The list of genetic mutations associated with human disease is long and continues to grow, and with it the challenges of deciphering what actually goes wrong in the cells, tissues and bodies of sick people. The problem is that the relationship between genotype and phenotype, in health or in disease, is typically very complex. It is the rare exception when a single mutation in a single gene causes disease.

One way to begin to probe this problem is to ask how disease mutations affect the way in which proteins interact. This is what Haiyuan Yu set out to do when he moved to Cornell University to start his laboratory. Yu and his colleagues began with a carefully curated map of directly interacting human proteins, using information both from the literature and from well-verified high-throughput yeast two-hybrid datasets. But just physical interaction data, Yu thought, was not enough. “When people talk about protein networks they have a sort of a mathematical view where proteins are dots, mathematical dots; there is no shape or structure,” he explains. “But we know that's not true; in the cell the structure of the protein is fundamentally important in determining its function.”

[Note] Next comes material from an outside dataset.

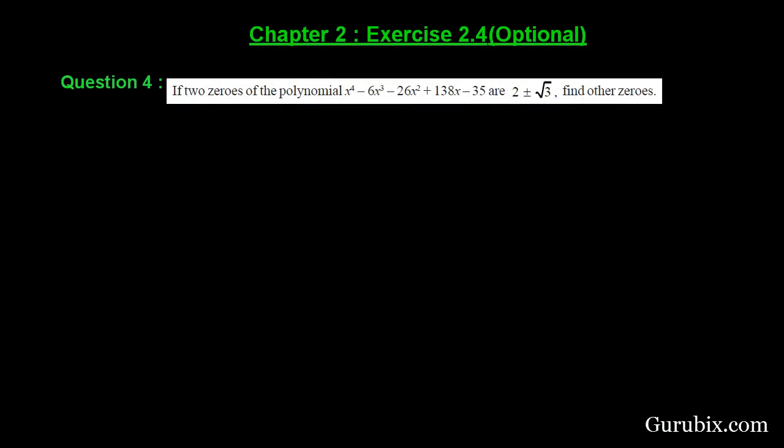Welcome friends, here is a very interesting and important question — question number 4 of exercise 2.4 of chapter 2. The question says: if the two zeros of the polynomial x⁴ - 6x³ - 26x² + 138x - 35 are 2+√3 and 2-√3, then find the other two zeros. So let us solve this question.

For those interacting human proteins for which crystal structures of the protein pair ('co-crystal' structures) have been solved, the researchers therefore added the interface structures to the network. But such information is not yet available for most putatively interacting human proteins. So Yu reached back to his bioinformatics-heavy past and used a homology modeling approach to predict the structures of interacting interfaces.

If for a particular human protein interaction there is a co-crystal structure of the orthologous yeast proteins, for example, Yu and colleagues used that information and the sequence homologies to predict the interface of the human proteins; notably, they first tested this strategy on existing co-crystal data to determine that it indeed makes reliable predictions. Combining both the experimental and predicted structural information with the binary interaction network produced the human structural interaction network (hSIN). Of its 4,222 binary interactions (between 2,816 proteins), about two-thirds of the interface structures are predicted by homology modeling. Then, with their scaffold built, Yu and colleagues combed through the Online Mendelian Inheritance in Man database and Human Gene Mutation Database and found more than 20,000 disease-associated mutations in about 600 genes that they could map to hSIN.

What did the scientists see in their bird's-eye view of disease? To mention just some of their observations, they note that missense mutations in disease-associated genes are enriched in protein interaction interfaces, they investigate the basis for pleiotropy and for locus heterogeneity effects, and they propose molecular hypotheses for the effects of disease-associated mutations. It should be noted that their observations apply to the subset of mutations that maps onto hSIN; the extent to which this analysis applies to other disease mutations remains to be seen. Finally, Yu and colleagues used hSIN to predict 292 new disease-associated genes, in 182 different diseases.

In the present work, the researchers validated experimentally only a few of their observations, using the yeast two-hybrid system, but Yu hopes to take this to an entirely different scale in the future. He envisions hSIN-derived predictions about the effects of disease mutations on protein interactions combined with rapid experimental testing of these predictions in high throughput.

There is a very long way to go before human disease can be understood mechanistically—for one thing, interaction networks such as hSIN do not take cell or tissue type into account—but at least the global effects of disease mutations on the generic protein interaction map are becoming a little clearer.